The seniors on the Foxcroft Academy football team entered Saturday’s Class C state championship game with plenty of title-game experience, but not all the sort they wanted to take with them beyond their playing days.
In both 2005 and 2006, the 18 seniors on the Ponies’ roster had experienced Fitzpatrick Stadium heartbreak, foiled by a goal-line stand in the final minute two years ago against Lisbon and handed a 30-14 loss by the Greyhounds last November.
But those disappointments didn’t add pressure as the most veteran of Ponies faced not only a third straight trip to Portland, but their final high school game. Instead they provided the wisdom and motivation that helped Foxcroft defeat Boothbay 26-8 for the school’s first state title in football since 2003.
“You sometimes get the mind-set that you can’t win the big one, so to speak, but these kids are winners no matter how you look at it,” said Foxcroft coach Paul Withee. “That’s how we approached [Saturday], no different than any other time.
“It’s not last year’s team, it’s a different team completely, and there was a lot of confidence in our senior leadership. These were kids that have been playing for us for three years and have played in three of these games. They really had the right mental attitude going into this and were really focused.

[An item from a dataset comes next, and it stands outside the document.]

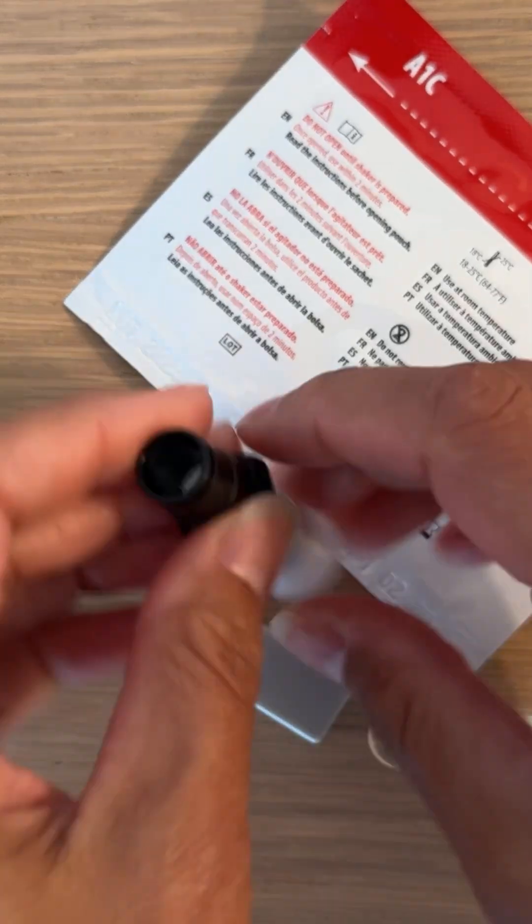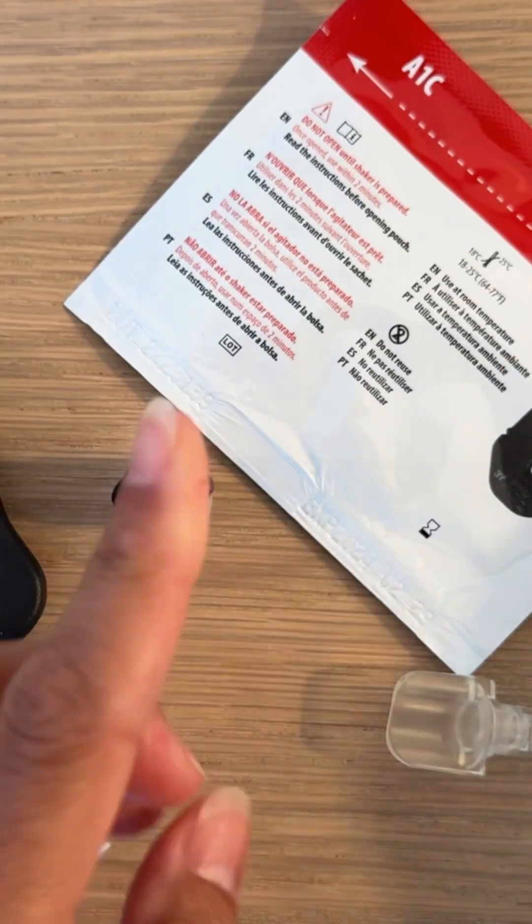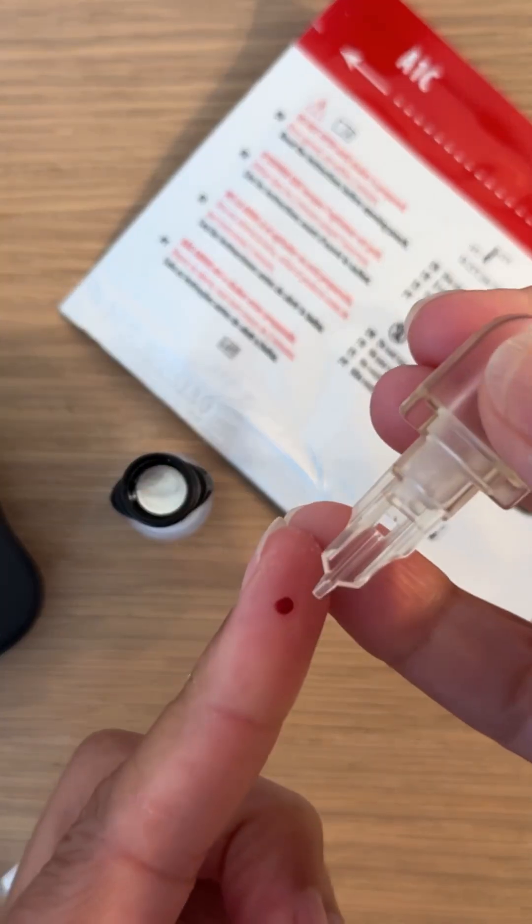Everything comes in the kit. This is a finger poker. I'm going to poke my finger — already washed my hands — and press out a good blood drop.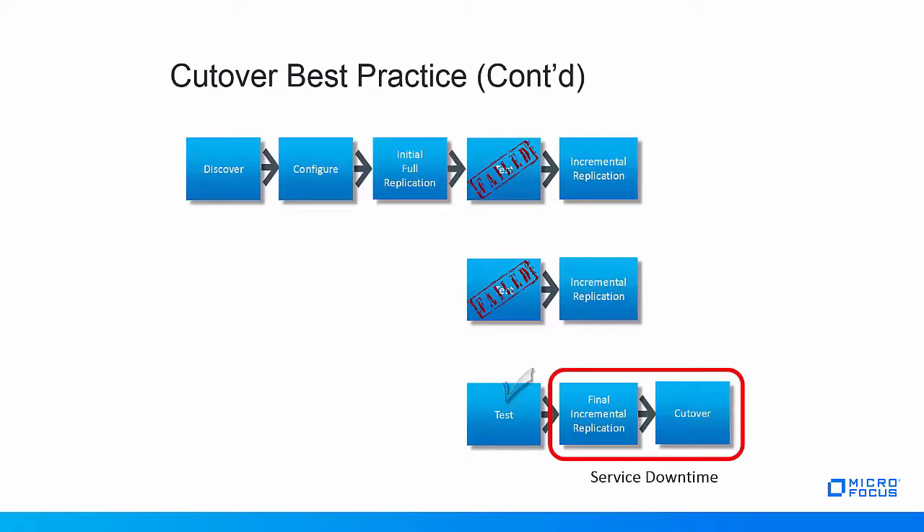This slide shows how testing can be interleaved with regular incremental replications. The top row shows the migration process from discovery to migration configuration to initial full replication to a first test that has failed. Because the failed test means that more testing is going to be needed, an incremental replication is performed. The second test also fails and is followed by another incremental replication. The third test proves to be successful and is then followed by the final incremental replication and cutover. Because of the regular incremental replications, only the data that changed since the previous incremental replication has to be synchronized, keeping the service downtime very short.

I felt very confident going into this game.”
That confidence was most in evidence when the Ponies were challenged, as Boothbay scored late in the first half to cut its deficit to 20-8 and then received the kickoff to open the second half with a chance to pull closer and perhaps create some angst among the Foxcroft partisans.
“When you have a lead like that it’s really easy to start playing relaxed and let things go that we normally wouldn’t,” said senior safety and wide receiver Jason Gould. “That’s what the coaches preached, that the first four minutes of the second half were the most important.”
The Seahawks did move into Foxcroft territory on that first possession of the third quarter, but some aggressive work by defensive back Alex Kasprzak induced an offensive pass interference penalty against Boothbay that ended that threat.
Foxcroft then got its third touchdown pass of the day from quarterback Jamie Nason to Gould, and the Ponies were back in control.
“I couldn’t ask for more, this is all I wanted to do,” said Gould. “My senior year I had one goal, and that was states for football, and we did it.”
Anderson to hang up whistle
Saturday’s Class C football state final represented a milestone for one of Eastern Maine’s best-known football officials.
Foxcroft Academy’s 26-8 victory over Boothbay marked the final time wearing the striped shirt for Bangor’s Bruce Anderson, who served as the game’s linesman as part of the six-man on-field officiating crew led by referee Ralph Damren.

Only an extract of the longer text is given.